The Iraqi capital, Baghdad, was rocked by two explosions on two banks late on Sunday in the latest in a series of politically-motivated attacks.

The government said that the bombs simultaneously went off at the privately-owned Cihan Bank and Kurdistan Bank in the Karrada neighbourhood.

Both banks are owned by a Kurdish businessman.

State authorities described the attacks as “cowardly” and said that they “aim to disturb security and stability,” adding that the culprits will be brought to justice.

Iraqi President Barham Salih, a Kurd, denounced the attacks as “criminal and terrorist acts threatening the stability and security.”

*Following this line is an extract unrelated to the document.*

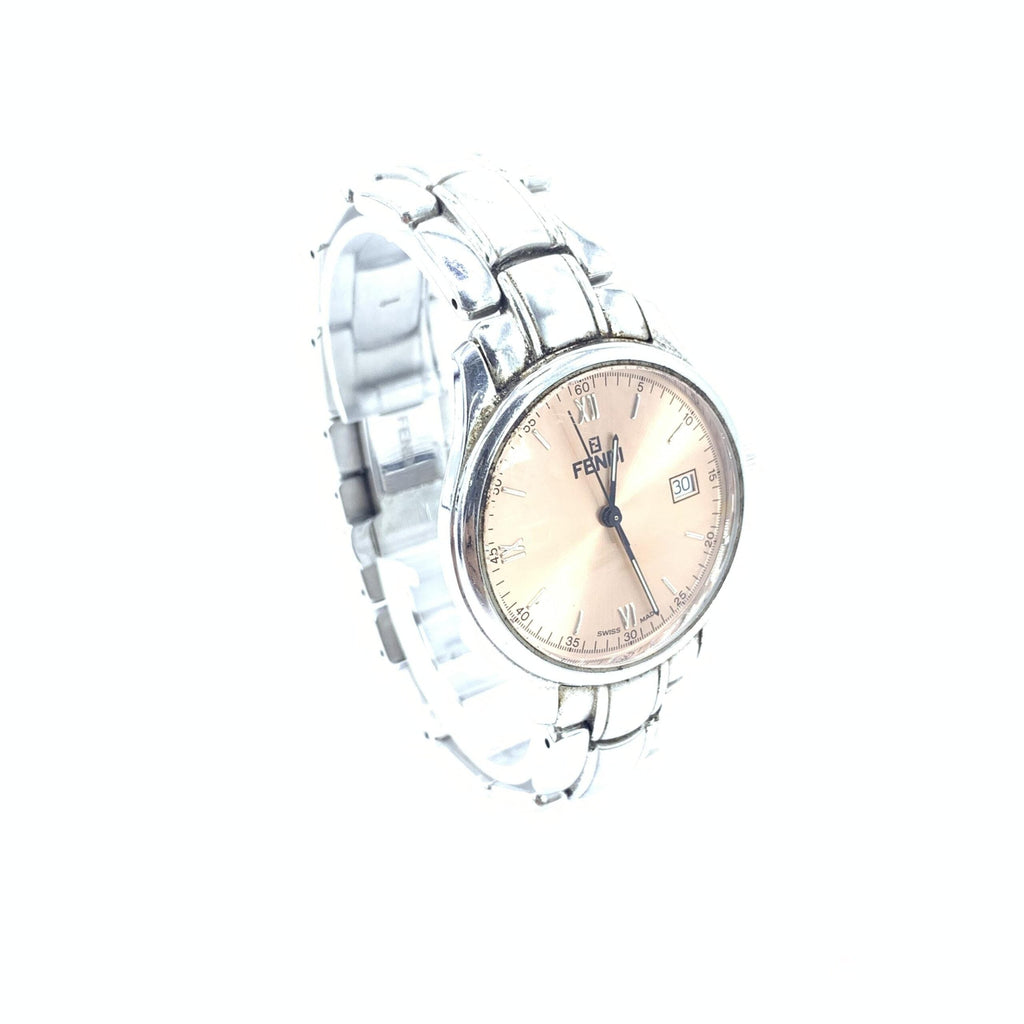 Fendi Pink Champagne Dial Quartz Watch, Stainless Steel Fendi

Mr Salih described the timing of the attacks as “suspicious.”

In recent days, there has been an atmosphere of rising political and security tension as political rivals have been at loggerheads over the formation of the new government.

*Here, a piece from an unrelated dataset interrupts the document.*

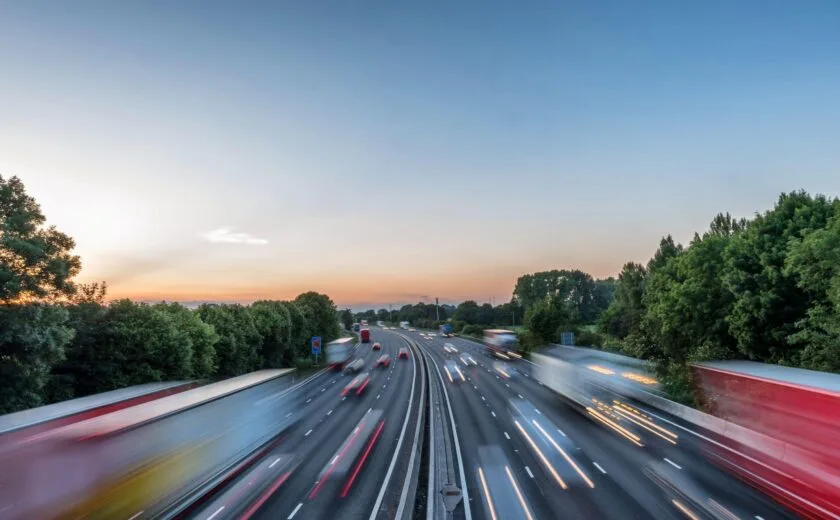 Motorway traffic light trails at dusk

Gunmen had thrown a hand grenade into the office of a Sunni politician in Baghdad’s southwestern neighbourhood of Sayyidiyah on Saturday. No casualties were reported and Abdul-Karim Abtan Al Jubouri, who is affiliated with the Taqadum party, was not in his office at the time of the incident.

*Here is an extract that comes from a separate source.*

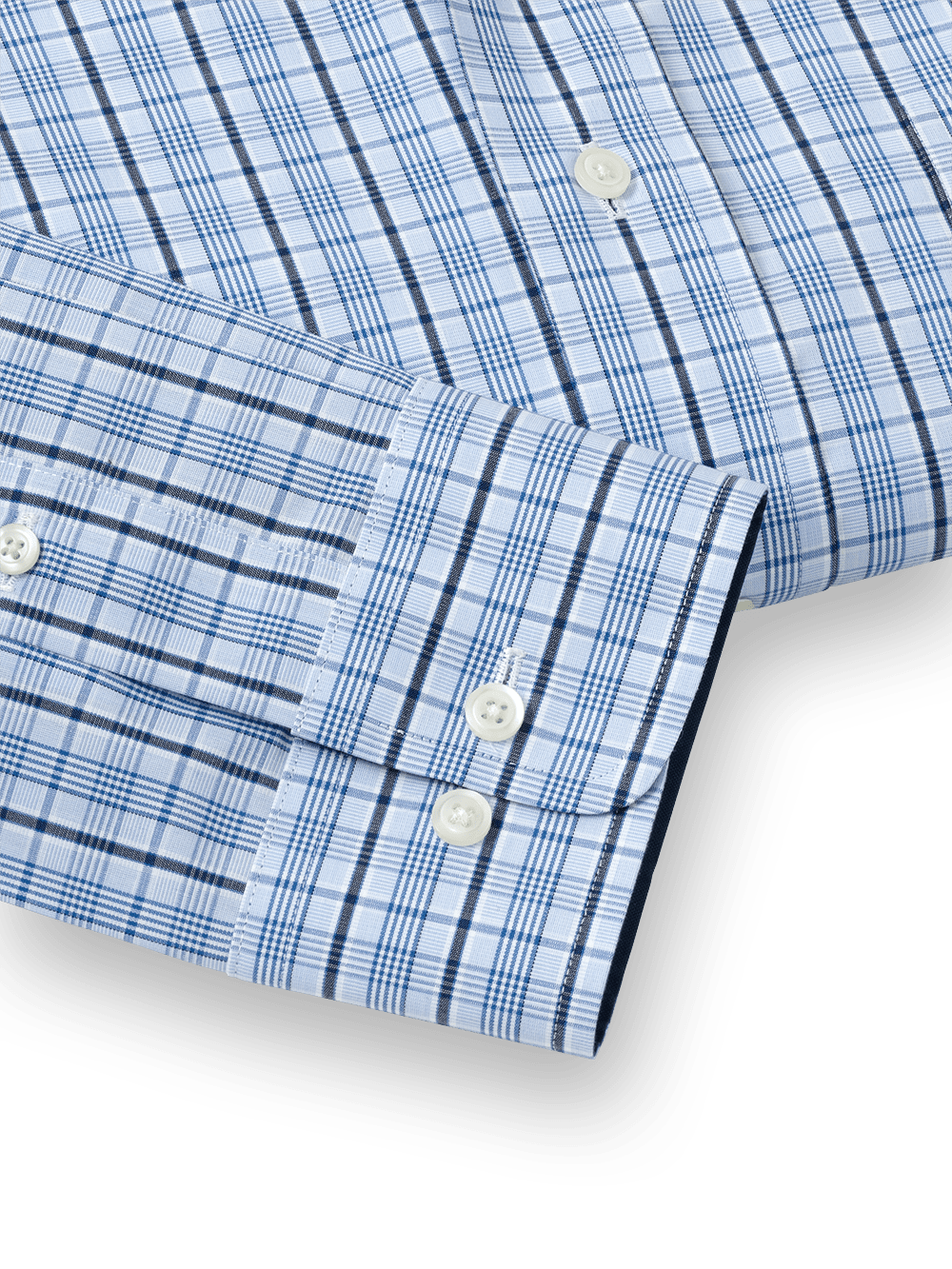 Alternate Image of Non-iron Cotton Glen Plaid Dress Shirt With Contrast Trim-3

Shortly before dawn on Friday, the offices of the Taqadum and the Azim coalition, headed by tycoon Khamis Al Khanjar, were attacked by militants on motorcycles.

The divide amongst the country’s political rivals has widened since October’s national elections, which saw the Sadrist bloc, a political group led by populist Shiite cleric Moqtada Al Sadr, emerge as the biggest group, with 73 seats.

Meanwhile, pro-Iran groups suffered a major blow in the vote and were further angered when the Kurdistan Democratic Party and the two major Sunni parties joined forces with Mr Al Sadr to form the new government.